My daughter and I are painting when the knock comes. Inka is two years old, and learning to splodge spots and stripes onto the paper. I am trying to paint a picture of a troll, in fluorescent colours with a brush thicker than my thumb. I get up and hurry to the door and it’s a courier, dressed like he’s in the military (why do delivery companies costume all their staff like bomb disposal experts?). After signing for the package he hands me, I return to Inka feeling strangely nervous. This all takes some forty seconds – ample time, it turns out, for a toddler to splash paint everywhere.
I wait – somehow, I wait – until Iona gets home before I open the parcel. We sit on the sofa with a glass of whiskey (apple juice, for Inka) and I can’t find a way into the cardboard so Iona hunts for scissors. Snip snip snip, and we’re in. The book looks amazing, I think.
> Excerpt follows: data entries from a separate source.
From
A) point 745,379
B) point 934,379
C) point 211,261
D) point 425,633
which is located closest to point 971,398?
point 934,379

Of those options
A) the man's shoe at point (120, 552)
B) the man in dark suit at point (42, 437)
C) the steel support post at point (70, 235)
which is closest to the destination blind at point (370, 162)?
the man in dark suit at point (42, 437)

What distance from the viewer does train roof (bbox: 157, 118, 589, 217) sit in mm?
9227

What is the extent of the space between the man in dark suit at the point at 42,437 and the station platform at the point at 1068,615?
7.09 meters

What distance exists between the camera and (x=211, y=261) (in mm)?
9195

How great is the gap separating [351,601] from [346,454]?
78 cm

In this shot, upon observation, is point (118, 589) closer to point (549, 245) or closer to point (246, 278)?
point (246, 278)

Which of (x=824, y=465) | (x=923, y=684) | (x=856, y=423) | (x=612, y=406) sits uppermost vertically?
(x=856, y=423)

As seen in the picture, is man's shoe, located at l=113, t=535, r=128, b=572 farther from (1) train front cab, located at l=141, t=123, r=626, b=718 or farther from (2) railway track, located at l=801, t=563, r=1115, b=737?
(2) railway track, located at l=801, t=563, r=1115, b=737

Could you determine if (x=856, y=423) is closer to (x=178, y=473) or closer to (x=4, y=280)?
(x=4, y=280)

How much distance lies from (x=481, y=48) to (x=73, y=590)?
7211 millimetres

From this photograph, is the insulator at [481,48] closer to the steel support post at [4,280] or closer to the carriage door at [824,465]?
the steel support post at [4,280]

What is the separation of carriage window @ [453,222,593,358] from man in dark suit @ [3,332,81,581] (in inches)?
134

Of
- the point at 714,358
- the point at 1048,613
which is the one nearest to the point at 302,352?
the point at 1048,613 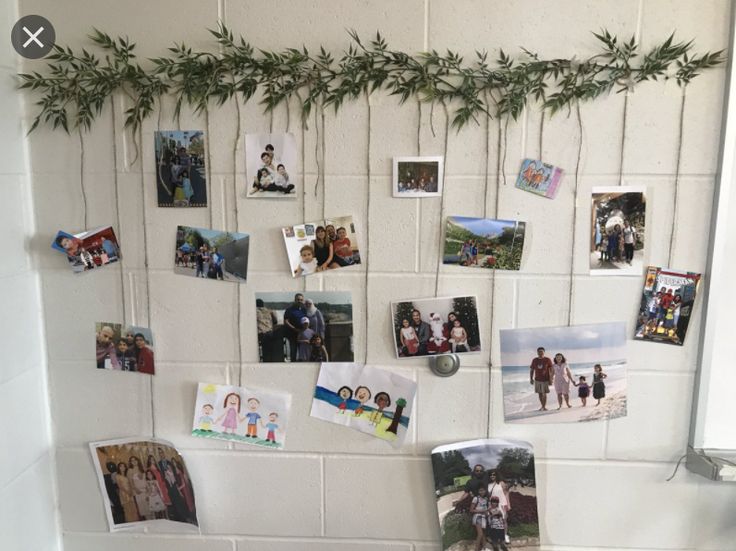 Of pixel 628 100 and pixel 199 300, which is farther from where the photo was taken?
pixel 199 300

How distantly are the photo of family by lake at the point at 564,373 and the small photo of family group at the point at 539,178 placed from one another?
0.32m

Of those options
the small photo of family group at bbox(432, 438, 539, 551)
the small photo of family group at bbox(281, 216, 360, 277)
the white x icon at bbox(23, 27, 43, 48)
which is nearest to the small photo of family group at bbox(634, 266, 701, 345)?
the small photo of family group at bbox(432, 438, 539, 551)

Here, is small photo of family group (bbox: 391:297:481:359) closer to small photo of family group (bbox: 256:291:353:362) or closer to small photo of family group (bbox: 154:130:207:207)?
small photo of family group (bbox: 256:291:353:362)

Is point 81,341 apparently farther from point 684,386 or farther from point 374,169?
point 684,386

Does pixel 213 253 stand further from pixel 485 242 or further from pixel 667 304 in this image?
pixel 667 304

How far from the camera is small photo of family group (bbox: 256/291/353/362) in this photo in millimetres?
1251

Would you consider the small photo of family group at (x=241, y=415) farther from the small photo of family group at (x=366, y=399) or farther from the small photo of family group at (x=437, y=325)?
the small photo of family group at (x=437, y=325)

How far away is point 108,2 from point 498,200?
0.98m

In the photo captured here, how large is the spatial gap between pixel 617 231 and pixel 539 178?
0.70 ft

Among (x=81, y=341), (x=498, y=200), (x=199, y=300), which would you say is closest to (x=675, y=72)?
(x=498, y=200)

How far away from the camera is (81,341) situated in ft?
4.29

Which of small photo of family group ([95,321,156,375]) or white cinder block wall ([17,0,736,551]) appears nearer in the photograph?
white cinder block wall ([17,0,736,551])

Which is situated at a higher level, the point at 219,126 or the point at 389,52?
the point at 389,52

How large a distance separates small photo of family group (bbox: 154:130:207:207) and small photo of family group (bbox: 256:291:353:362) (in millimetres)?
280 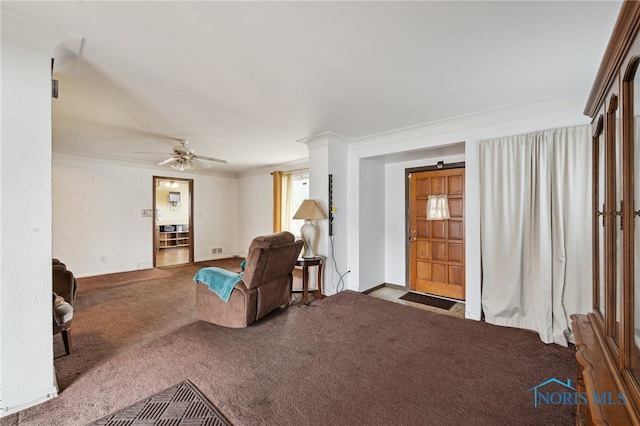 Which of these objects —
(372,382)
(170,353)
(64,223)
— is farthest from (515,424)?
(64,223)

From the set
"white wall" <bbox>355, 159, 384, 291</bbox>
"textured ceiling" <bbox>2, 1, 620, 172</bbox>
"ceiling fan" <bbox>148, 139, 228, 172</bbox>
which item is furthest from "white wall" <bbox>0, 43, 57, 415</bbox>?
"white wall" <bbox>355, 159, 384, 291</bbox>

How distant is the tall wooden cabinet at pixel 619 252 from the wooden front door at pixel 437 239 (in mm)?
2776

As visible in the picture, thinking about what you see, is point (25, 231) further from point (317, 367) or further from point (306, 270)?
point (306, 270)

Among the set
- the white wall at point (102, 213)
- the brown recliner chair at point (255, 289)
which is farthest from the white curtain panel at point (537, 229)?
the white wall at point (102, 213)

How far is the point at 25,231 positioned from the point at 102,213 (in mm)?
4563

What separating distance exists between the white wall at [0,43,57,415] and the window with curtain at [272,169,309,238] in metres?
4.56

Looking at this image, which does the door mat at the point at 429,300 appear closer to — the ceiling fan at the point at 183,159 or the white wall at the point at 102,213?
the ceiling fan at the point at 183,159

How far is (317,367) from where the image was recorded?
229cm

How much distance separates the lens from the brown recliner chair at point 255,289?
9.66 feet

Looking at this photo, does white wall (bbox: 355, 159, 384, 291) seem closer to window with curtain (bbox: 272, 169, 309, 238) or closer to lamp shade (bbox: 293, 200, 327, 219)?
lamp shade (bbox: 293, 200, 327, 219)

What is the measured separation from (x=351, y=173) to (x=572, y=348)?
3.25 meters

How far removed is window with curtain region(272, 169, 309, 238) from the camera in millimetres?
6254

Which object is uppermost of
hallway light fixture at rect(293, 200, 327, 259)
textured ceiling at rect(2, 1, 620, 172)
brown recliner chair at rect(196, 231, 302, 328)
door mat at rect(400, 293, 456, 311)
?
textured ceiling at rect(2, 1, 620, 172)

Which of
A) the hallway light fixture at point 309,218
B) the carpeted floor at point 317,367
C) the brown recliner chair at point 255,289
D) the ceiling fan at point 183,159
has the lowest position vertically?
the carpeted floor at point 317,367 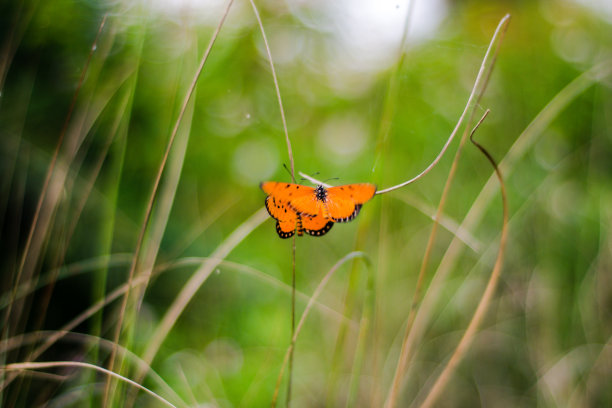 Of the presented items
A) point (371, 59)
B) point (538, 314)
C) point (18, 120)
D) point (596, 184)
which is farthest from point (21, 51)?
point (596, 184)

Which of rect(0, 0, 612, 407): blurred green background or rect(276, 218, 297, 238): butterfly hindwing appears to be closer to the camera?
rect(276, 218, 297, 238): butterfly hindwing

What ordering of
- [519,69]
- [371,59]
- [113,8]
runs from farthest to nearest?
[519,69], [371,59], [113,8]

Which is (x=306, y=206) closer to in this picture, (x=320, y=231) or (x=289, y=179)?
(x=320, y=231)

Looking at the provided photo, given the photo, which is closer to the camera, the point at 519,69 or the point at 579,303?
the point at 579,303

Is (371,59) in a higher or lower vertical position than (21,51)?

Some of the foliage that makes up the fox on the cover has been spot-laminated, and gleams in the light. Inside are some of the pictures I drew as an exercise while writing it. They look much better than the originals, touched up and shrunk and photoshopped a little. I press my nose between the covers and inhale, for tradition’s sake, although if I’m honest it doesn’t smell all that much.
This book has taken some four or five years to write – which, coincidentally, is about the same amount of sleep I feel I have lost over it. I’m very proud of it now, though, despite my terror at its imminent public appraisal. It’s a very different beast than my other two novels, but they’re all my precious monsters. After I’ve been leafing through it for a minute or two, Inka scurries over to her own books and returns with her current favourite. ‘My turn,’ she says, scrambling up onto my lap. We set The Trees aside, until the tenth of March.